Raw data:
----
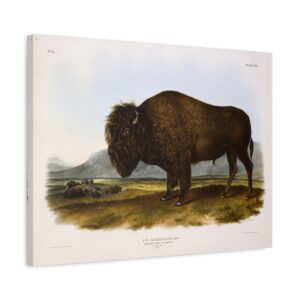 Bos Americanus, American Bison or Buffalo, plate 56 - John James Audubon (1845) - Natural History Canvas Print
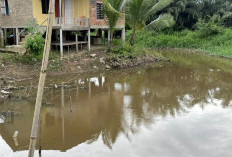 Buaya Sepanjang 4 Meter Gegerkan Warga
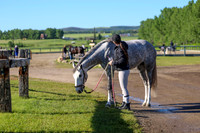 00544 - Shea - 2026 June Classic II - Friday June 19th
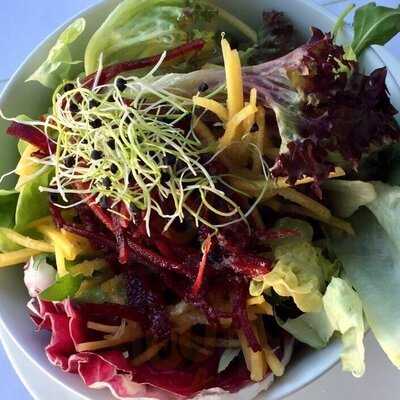 Restaurant Schipfe 16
----
Task directions: All lines from the one that contains "Buaya Sepanjang 4 Meter Gegerkan Warga" through the last line of the data should be retyped exactly, with the pictures left out.

Response to the exercise:
 Buaya Sepanjang 4 Meter Gegerkan Warga
 00544 - Shea - 2026 June Classic II - Friday June 19th
 Restaurant Schipfe 16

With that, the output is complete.